Partition负责管理每个副本对应的Replica对象,进行Leader副本的切换,ISR列表的管理以及调用日志存储系统完成写消息等
一Partition核心字段
topic: String 表示topic名字
partitionId:Int 表示分区号
replicaManager: ReplicaManager 管理副本的一个类
localBrokerId:Int 当前的broker的id
logManager:LogManager 日志管理器,包括创建删除等
zkUtils: ZkUtils 操作zookeeper的辅助类
leaderEpoch:Int leader副本的年代信息
leaderReplicaIdOpt:Option[Int] 该partition的leader副本的id
inSyncReplicas: Set[Replica]类型,该集合维护了该分区的ISR列表,ISR是AR的子集
assignedReplicaMap:Pool[Int, Replica] 维护了该分区全部副本的集合AR信息
二 Partition重要方法
2.1 getOrCreateReplica: 获取或者创建副本
主要负责在AR集合(assignedReplicaMap)中查找指定的副本的replica对象;如果查找不到则创建replica对象并添加到AR集合中管理,如果创建的是本地副本,还会创建(恢复)对应的Log并初始化HighWatermark,HighWatermark与Log的recoveryPoint类似,也会需要记录到文件中保存,每一个log目录下都有一个replication-offset-checkpoint会记录。每一个分区的HW,在ReplicaManager启动的时候会读取此文件到highWatermarkCheclpoints这个map集合中,之后会定时更新该文件
def getOrCreateReplica(replicaId: Int = localBrokerId): Replica = {
// 从AR列表获取指定副本
val replicaOpt = getReplica(replicaId)
replicaOpt match {
case Some(replica) => replica
case None =>
// 判断是不是当前brokerId,
if (isReplicaLocal(replicaId)) {
// 获取配置信息
val config = LogConfig.fromProps(logManager.defaultConfig.originals,
AdminUtils.fetchEntityConfig(zkUtils, ConfigType.Topic, topic))
// 创建本地log
val log = logManager.createLog(TopicAndPartition(topic, partitionId), config)
// 获取指定日志目录对应的OffsetCheckpoint对象,他负责管理log目录下的replica-offsetcheckpoint
val checkpoint = replicaManager.highWatermarkCheckpoints(log.dir.getParentFile.getAbsolutePath)
// 将replication-offset-checkpoint文件中的记录HW转成map
val offsetMap = checkpoint.read
if (!offsetMap.contains(TopicAndPartition(topic, partitionId)))
info("No checkpointed highwatermark is found for partition [%s,%d]".format(topic, partitionId))
// 根据TopicPartition找到对应的HW,再与LEO比较,此值会作为次副本的HW
val offset = offsetMap.getOrElse(TopicAndPartition(topic, partitionId), 0L).min(log.logEndOffset)
val localReplica = new Replica(replicaId, this, time, offset, Some(log))
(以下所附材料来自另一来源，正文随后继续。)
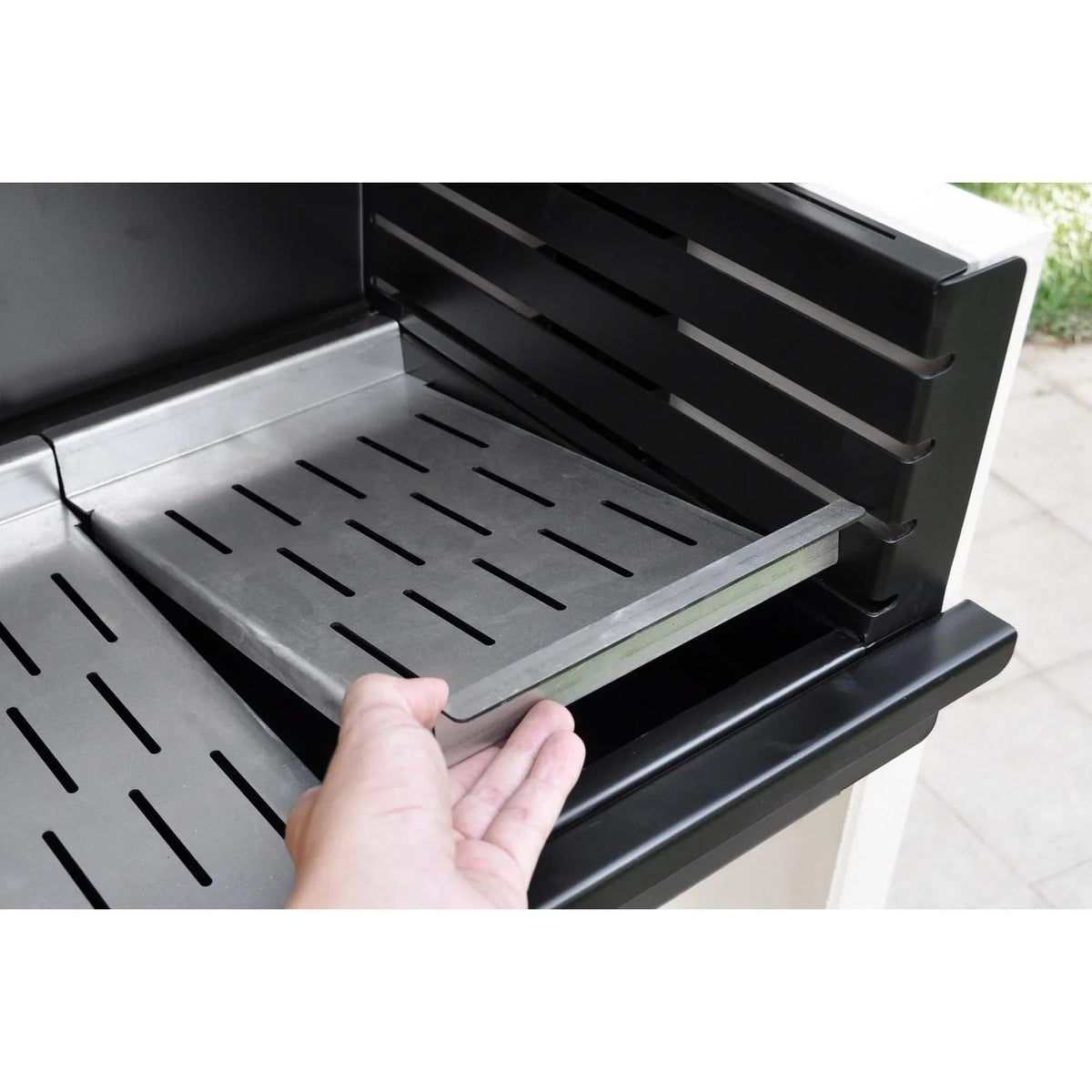 Churrasqueira de Concreto Venit Flex Carbono e Lenha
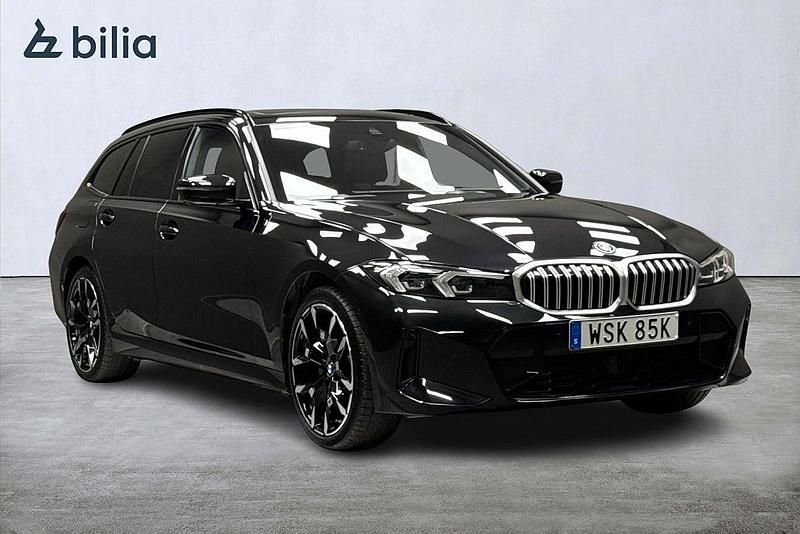 Svart Begagnad 2025 BMW 330e M Sport Kombi | 539 000 kr (Marknadspris) - Bild 1/4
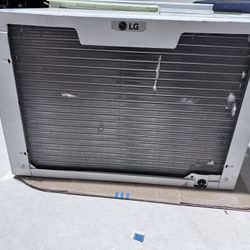 LG Air Conditioner Window unit 15,000 BTU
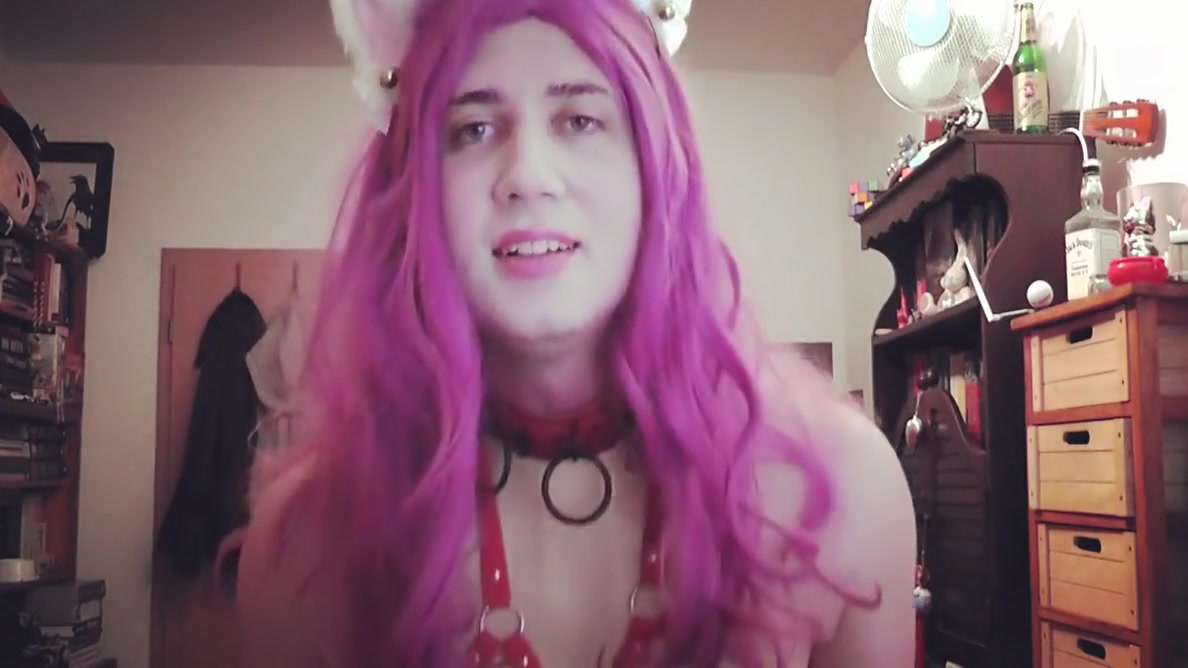 Kitty Cat - Who Wants To Play With Balls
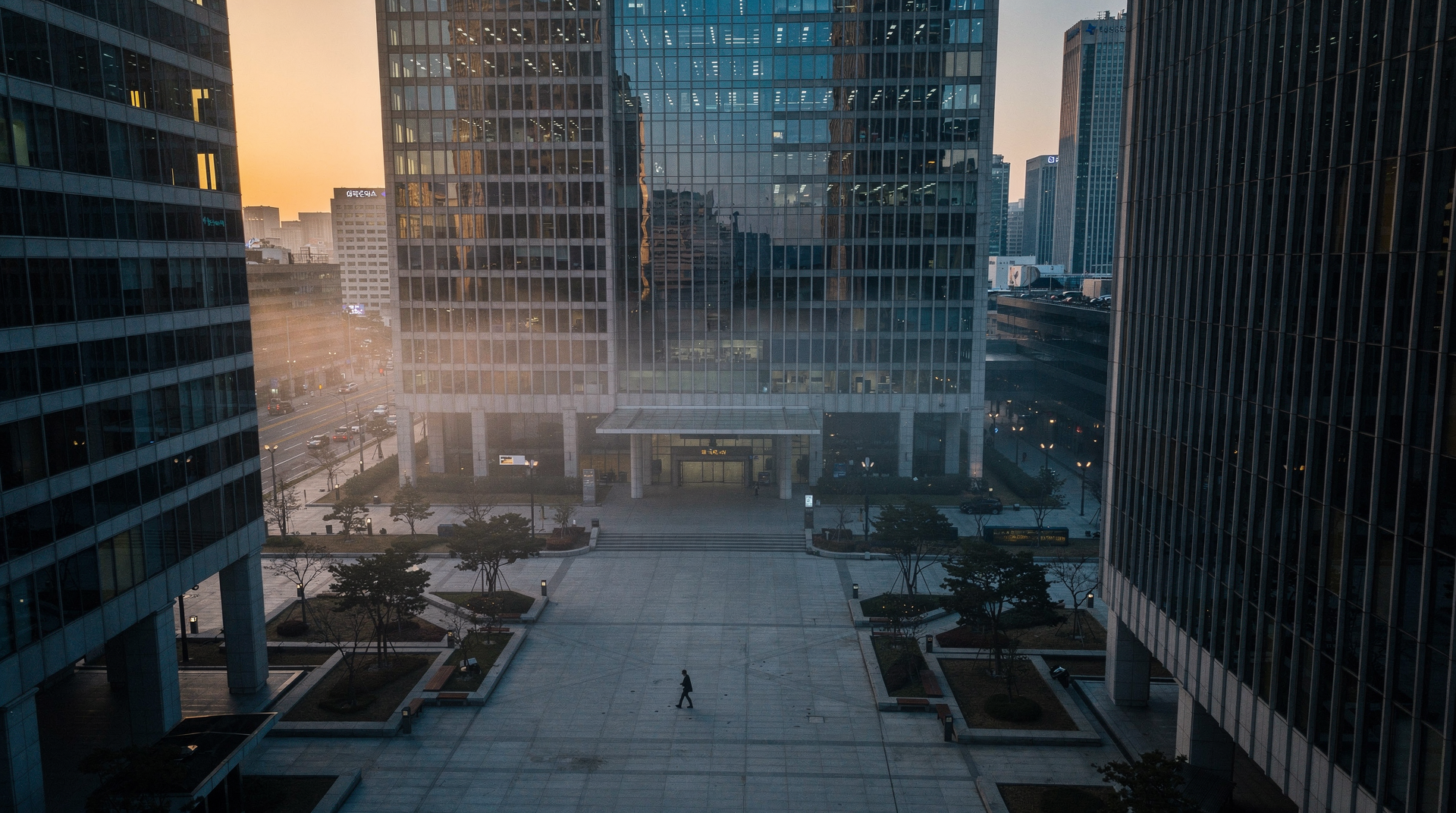 South Korea AI Spending Fuels Market Volatility as Inflation Softens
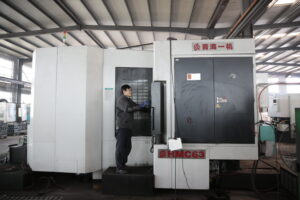 HMC63双工位加工中心 HM63 Double-Station CNC (1)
addReplicaIfNotExists(localReplica)
} else {// 如果是远程副本,直接创建并添加到AR列表
val remoteReplica = new Replica(replicaId, this, time)
addReplicaIfNotExists(remoteReplica)
}
getReplica(replicaId).get // 返回replica
}
}
2.2 副本的角色切换
broker会根据KafkaController发出的LeaderAndISRRequest请求控制副本的Leader/Follower角色切换
# makeLeader:
def makeLeader(controllerId: Int, partitionStateInfo: PartitionState, correlationId: Int): Boolean = {
val (leaderHWIncremented, isNewLeader) = inWriteLock(leaderIsrUpdateLock) {//加锁
// 获取需要分配的AR集合
val allReplicas = partitionStateInfo.replicas.asScala.map(_.toInt)
// 记录controller epoch
controllerEpoch = partitionStateInfo.controllerEpoch
// 创建AR集合里所有副本对应的Replica对象
allReplicas.foreach(replica => getOrCreateReplica(replica))
// 获取ISR集合
val newInSyncReplicas = partitionStateInfo.isr.asScala.map(r => getOrCreateReplica(r)).toSet
// remove assigned replicas that have been removed by the controller
// 删除那些已经被KafkaController移除的分配的列表
(assignedReplicas().map(_.brokerId) -- allReplicas).foreach(removeReplica(_))
// 更新ISR列表
inSyncReplicas = newInSyncReplicas
leaderEpoch = partitionStateInfo.leaderEpoch // 更新leader epoch
zkVersion = partitionStateInfo.zkVersion // 更新zkVersion
// 检测leader是否发生变化
val isNewLeader =
if (leaderReplicaIdOpt.isDefined && leaderReplicaIdOpt.get == localBrokerId) {
false // 表示leader并没有发生变化
} else {
leaderReplicaIdOpt = Some(localBrokerId) // 表示leader发生了变化
true
}
val leaderReplica = getReplica().get // 获取本地副本
if (isNewLeader) {
// 初始化leader的highwatermarkMetadata
// 如果leader发生了变化,表示leader副本通过上面的步骤刚刚分配到此broker上,可能是刚启动也可能是follower副本成为leader副本
//
leaderReplica.convertHWToLocalOffsetMetadata()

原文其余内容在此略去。